November 15, 1873 The Heart of a Dog

When it comes to loyalty, there is nothing to beat the heart of a dog.

The first dog may have approached some campfire, looking for a morsel.  Maybe someone took in a sick or injured pup. A wolf pack could have learned to shadow human hunting parties, and the two groups learned to work together for their mutual benefit. The facts surrounding the domestication of that first dog some fifteen thousand years ago, are lost to history.  But one thing is certain. When it comes to loyalty, there is nothing to beat the heart of a dog.

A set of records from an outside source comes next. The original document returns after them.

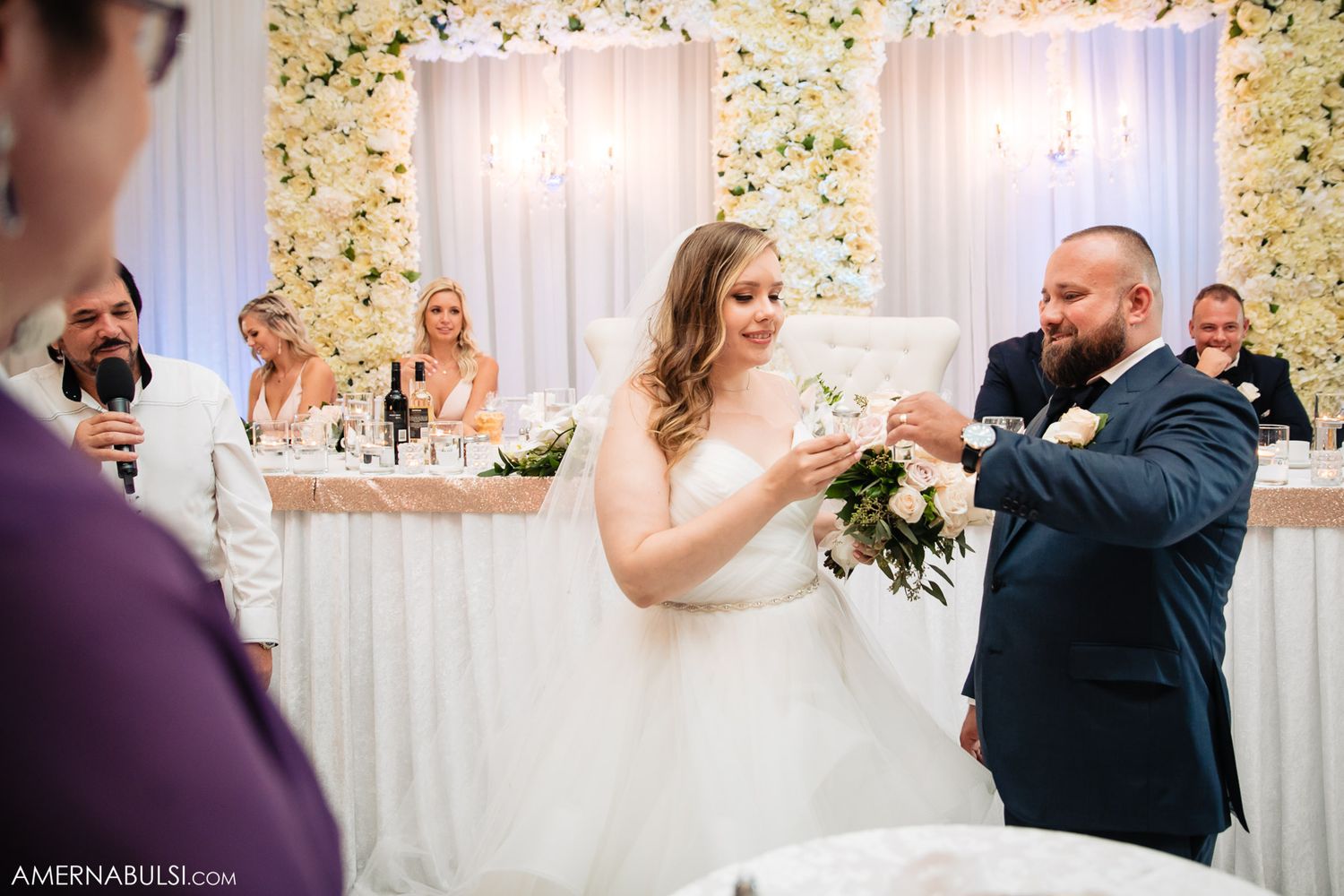 Wedding celebration in a white and gold decorated venue with floral arrangements and elegant lighting.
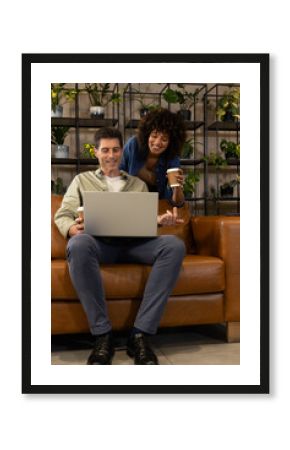 Collaborating Diverse coworkers using laptop and coffee cups in office lounge, with leather sofa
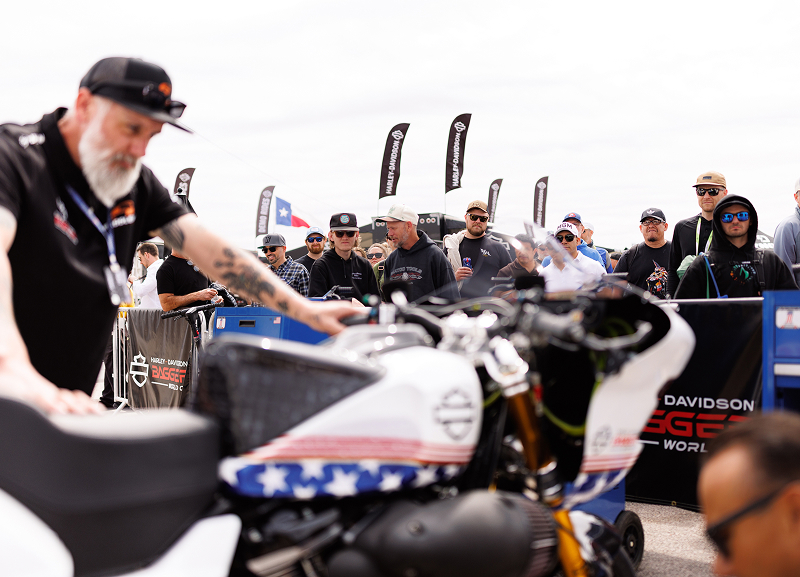 Crowd gathers around a custom Harley-Davidson race bike during a live motorcycle showcase event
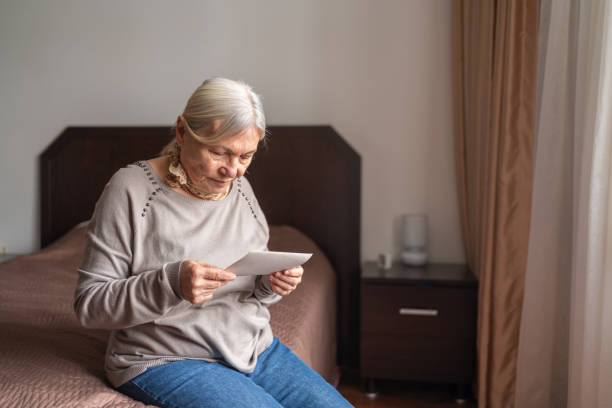 istock Senior Woman Looking At An Old Photo 1434992010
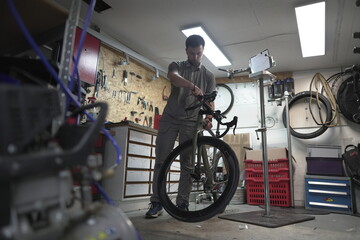 A man is repairing a bicycle in a garage, working on the tire and wheel rim. The building has a...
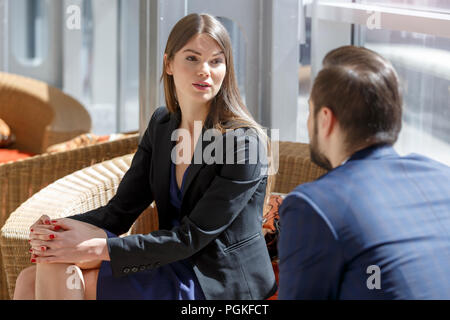Business partners talking at break sitting at lobby at business center Stock Photo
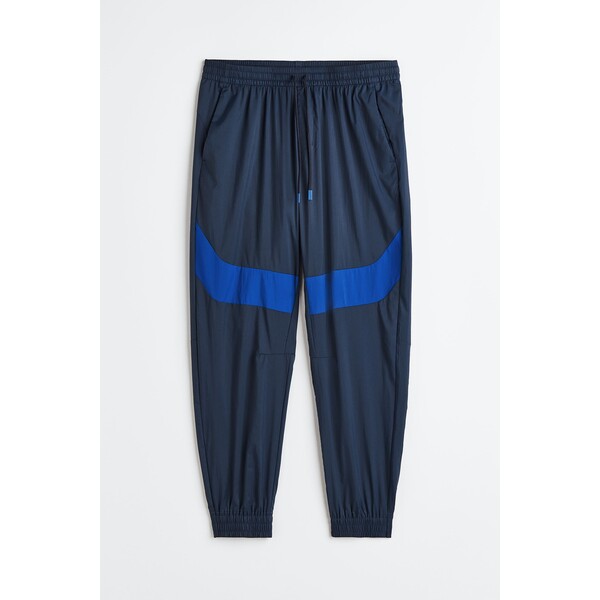 H&M Wodoodporne spodnie sportowe - - ON 1119353001 Ciemnoniebieski/Niebieski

Miguel Guzmán of Cordoba Argentina, died in 2006. The following day Capitán, the family’s German Shepherd, disappeared. Mrs. Guzmán and the couple’s son launched a day-long search, until the dog arrived at the cemetery, some forty-five minutes, away. No one knows how he got there. The family claims they never brought him. Cemetery director Hector Baccega remembers when he first saw the dog: ‘He turned up here one day, all on his own, and started wandering all around the cemetery until he eventually found the tomb of his master”.

Capitán was taken home but he was back, the following day. Baccega describes what has since become, routine: “During the day he sometimes has a walk around the cemetery, but always rushes back to the grave. And every day, at six o’clock sharp, he lies down on top of the grave stays there all night”.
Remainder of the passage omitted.